ENTRIES PROVIDED ▸
=== Section Start ===

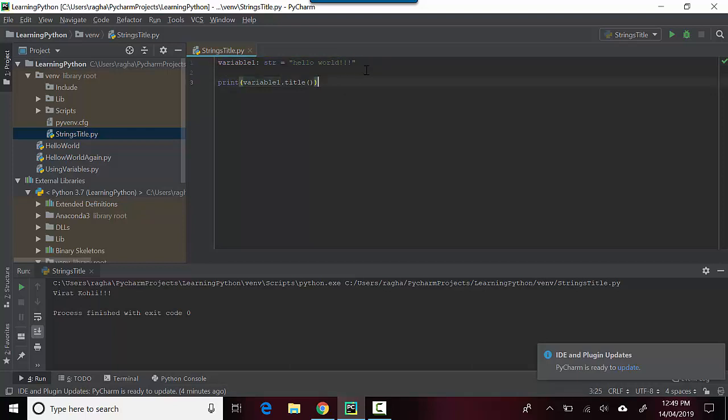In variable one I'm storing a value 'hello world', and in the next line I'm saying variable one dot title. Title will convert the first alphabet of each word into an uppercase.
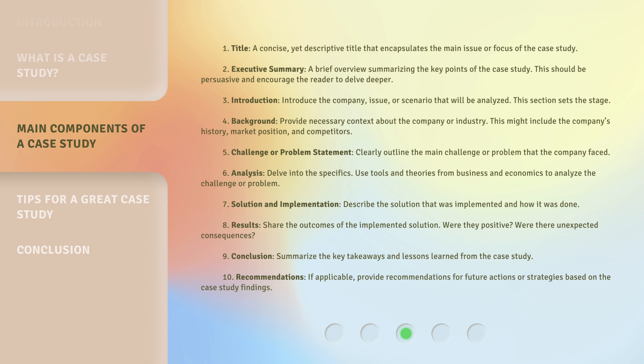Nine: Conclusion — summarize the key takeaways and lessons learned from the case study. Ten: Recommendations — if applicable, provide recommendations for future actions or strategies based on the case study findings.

=== Section End ===
=== Section Start ===

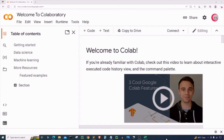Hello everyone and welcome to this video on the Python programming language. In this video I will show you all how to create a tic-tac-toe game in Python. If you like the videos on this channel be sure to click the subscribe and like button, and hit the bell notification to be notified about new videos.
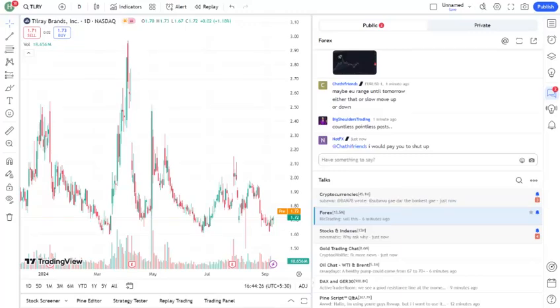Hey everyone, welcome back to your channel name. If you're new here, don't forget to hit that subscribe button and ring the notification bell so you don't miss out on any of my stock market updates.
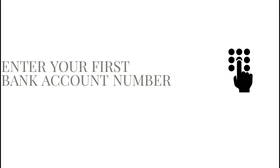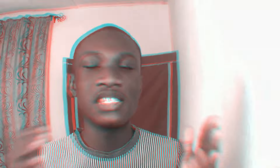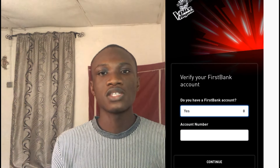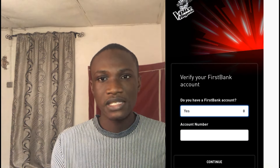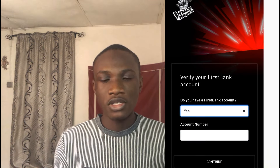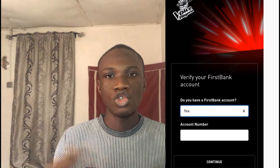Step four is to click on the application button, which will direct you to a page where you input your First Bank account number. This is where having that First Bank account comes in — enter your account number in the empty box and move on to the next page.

=== Section End ===

Repeat, without pictures, exactly the lines of the data above from the one containing "Hey everyone, welcome" through the one containing "Step four is", including both and adding nothing.

Hey everyone, welcome back to your channel name. If you're new here, don't forget to hit that subscribe button and ring the notification bell so you don't miss out on any of my stock market updates.
Step four is to click on the application button, which will direct you to a page where you input your First Bank account number. This is where having that First Bank account comes in — enter your account number in the empty box and move on to the next page.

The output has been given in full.